By Roberta Gubbins
Legal News
"There was a time when I rejected comparing mass incarceration with Jim Crow. And I once thought that people who made those kinds of claims were doing more harm than good," said Dr. Michelle Alexander, speaker at Thomas M. Cooley Law School as it marked Martin Luther King Day on January 17th.
"What a difference a decade makes," she said, "for after years of working as a civil rights lawyer attempting to assist people who (after serving their time) were trying to re-enter into society" her eyes were opened to the real issue.
"As a criminal," she writes in the introduction to her book, "The New Jim Crow, Mass Incarceration in the Age of Colorblindness," you have scarcely more rights and, arguably less respect, than a black man living in Alabama at the height of Jim Crow. We have not ended racial caste in America, we have merely redesigned it."
Alexander came to realize while serving as a civil rights lawyer with the ACLU in California, that society now can legally discriminate against felons, denying them the right to vote, to work, to housing, to food stamps and other forms of public assistance.
Alexander related the following facts found in the course of her research:
* More African American adults are under correctional control than were enslaved in 1850, the decade before the Civil War began
* As of 2004, more black men were denied the right to vote, than in 1870, when there were poll taxes and literacy tests.
* A black child born today has less of a chance of being raised by both parents than a black child born during slavery.
* In large American cities today, more than half of the men have criminal records.
While crime rates "are generally at historical lows, incarceration rates, especially black incarceration rates have consistently soared."
The cause of the rise in incarceration rates, Alexander notes, is the "War on Drugs" and the "get tough" sentencing movement.
"For example, between 1985 and 2000, the period of the most dramatic expansion in the prison system, nearly two thirds of the increase in the Federal prison population was drug related offenses. More than half of the state prison population are drug convictions alone."
What can be done about this problem?
"We've got to begin by telling the whole truth," Alexander said. "We have to admit out loud that we as a nation have managed to rebirth a caste like system in this country."
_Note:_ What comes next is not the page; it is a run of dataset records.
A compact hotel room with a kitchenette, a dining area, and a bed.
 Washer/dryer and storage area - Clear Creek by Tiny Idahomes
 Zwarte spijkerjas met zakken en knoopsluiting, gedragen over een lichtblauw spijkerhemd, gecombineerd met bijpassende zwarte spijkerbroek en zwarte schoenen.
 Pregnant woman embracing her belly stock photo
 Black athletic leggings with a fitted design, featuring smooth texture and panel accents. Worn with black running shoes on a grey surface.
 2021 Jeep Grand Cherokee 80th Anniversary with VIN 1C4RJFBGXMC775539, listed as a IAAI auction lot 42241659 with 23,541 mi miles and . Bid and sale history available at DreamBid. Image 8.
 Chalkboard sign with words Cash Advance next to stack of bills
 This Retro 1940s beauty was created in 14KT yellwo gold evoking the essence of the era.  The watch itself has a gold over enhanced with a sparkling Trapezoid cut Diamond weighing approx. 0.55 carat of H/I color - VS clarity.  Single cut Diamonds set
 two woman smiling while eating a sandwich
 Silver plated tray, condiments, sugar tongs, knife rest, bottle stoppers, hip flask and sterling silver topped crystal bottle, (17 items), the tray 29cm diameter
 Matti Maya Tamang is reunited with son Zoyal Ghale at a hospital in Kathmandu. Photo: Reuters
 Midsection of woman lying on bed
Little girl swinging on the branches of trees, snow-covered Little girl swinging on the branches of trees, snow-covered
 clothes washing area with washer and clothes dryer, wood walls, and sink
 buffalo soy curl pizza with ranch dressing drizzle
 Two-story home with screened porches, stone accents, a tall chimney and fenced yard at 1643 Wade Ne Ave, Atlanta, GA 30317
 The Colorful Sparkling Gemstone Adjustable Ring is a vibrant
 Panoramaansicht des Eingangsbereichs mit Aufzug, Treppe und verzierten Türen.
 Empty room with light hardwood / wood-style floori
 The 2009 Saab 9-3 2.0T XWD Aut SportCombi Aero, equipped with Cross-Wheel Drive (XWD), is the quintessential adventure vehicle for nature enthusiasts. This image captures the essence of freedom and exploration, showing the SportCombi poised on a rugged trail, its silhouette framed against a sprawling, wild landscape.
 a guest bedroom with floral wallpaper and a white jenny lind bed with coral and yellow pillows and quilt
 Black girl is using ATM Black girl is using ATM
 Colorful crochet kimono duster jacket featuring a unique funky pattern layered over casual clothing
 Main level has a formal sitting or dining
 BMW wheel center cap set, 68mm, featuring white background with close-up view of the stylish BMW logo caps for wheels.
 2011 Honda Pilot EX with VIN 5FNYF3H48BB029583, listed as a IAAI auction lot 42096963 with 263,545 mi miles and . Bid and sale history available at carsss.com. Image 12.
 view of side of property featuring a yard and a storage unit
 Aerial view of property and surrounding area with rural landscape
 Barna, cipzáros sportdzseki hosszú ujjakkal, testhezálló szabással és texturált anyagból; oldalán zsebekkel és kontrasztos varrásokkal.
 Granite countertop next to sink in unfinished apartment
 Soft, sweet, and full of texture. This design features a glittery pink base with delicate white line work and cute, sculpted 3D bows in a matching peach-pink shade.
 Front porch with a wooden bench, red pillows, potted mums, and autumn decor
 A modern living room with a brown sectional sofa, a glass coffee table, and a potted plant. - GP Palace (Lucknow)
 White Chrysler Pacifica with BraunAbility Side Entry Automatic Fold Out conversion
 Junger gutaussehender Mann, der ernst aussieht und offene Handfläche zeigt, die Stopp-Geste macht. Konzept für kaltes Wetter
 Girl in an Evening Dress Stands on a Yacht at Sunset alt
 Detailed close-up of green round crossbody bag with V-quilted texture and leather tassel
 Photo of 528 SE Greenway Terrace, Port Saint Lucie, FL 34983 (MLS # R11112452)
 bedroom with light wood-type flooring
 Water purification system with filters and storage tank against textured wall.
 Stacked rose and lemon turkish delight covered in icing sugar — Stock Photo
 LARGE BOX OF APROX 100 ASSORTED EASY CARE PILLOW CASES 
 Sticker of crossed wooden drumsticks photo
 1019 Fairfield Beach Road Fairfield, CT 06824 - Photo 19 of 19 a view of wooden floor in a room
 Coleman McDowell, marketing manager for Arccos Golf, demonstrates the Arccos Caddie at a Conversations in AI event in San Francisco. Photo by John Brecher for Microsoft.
This truth, she urged, must be told in "our churches, our schools, our community centers, and in our halls of power so that a great awakening can occur."
That means, explained Alexander, ending the drug war and shifting to a public health model rather than incarceration, using education and jobs to rehabilitate and restore, rather than punishment.
"We must end this notion that criminals are them, not us. Instead say, 'there but for the grace of God go I.' We must get to work to end this system as a whole. It is not enough to express concern one by one, we have to be willing to work for the end of this system of mass incarceration."
"If this feels too overwhelming, she said, "keep in mind that all these rules and laws rest on the same core belief that some of us are not worthy of care and compassion."
"A multi-racial, multi-ethnic human rights movement must occur, a movement that takes seriously the humanity of all people," she concluded. "Our task is to end the history and cycle of caste in America."
President and Dean of Cooley Law School in his welcoming remarks noted that Thomas M. Cooley Law School enrolls 1052 minority students and has more than double the African-American enrollment of the four other Michigan law schools combined. This is in keeping the school's mission "to provide access to the study of law."
Other speakers included Tammye Coles, Jack and Jill of America; Hon. Alma Wheeler Smith, former Michigan Senator and State Representative; Rene Canady, Ingham County Health Department; Hon. Fred Durhal Jr., Michigan State Representative. Cooley Law School Singers for the event were Rachael Hayes and Brian Smith.
Michelle Alexander is a graduate of Stanford Law School and Vanderbilt University. Following law school, she clerked for Justice Harry A. Blackmun on the United States Supreme Court, and for Chief Judge Abner Mikva on the United States Court of Appeals for the D.C. Circuit.
Alexander joined the OSU faculty in 2005. She holds a joint appointment with the Moritz College of Law and the Kirwan Institute for the Study of Race and Ethnicity. Prior to joining the OSU faculty, she was a member of the Stanford Law School faculty, where she served as Director of the Civil Rights Clinic. Her book is in its tenth printing.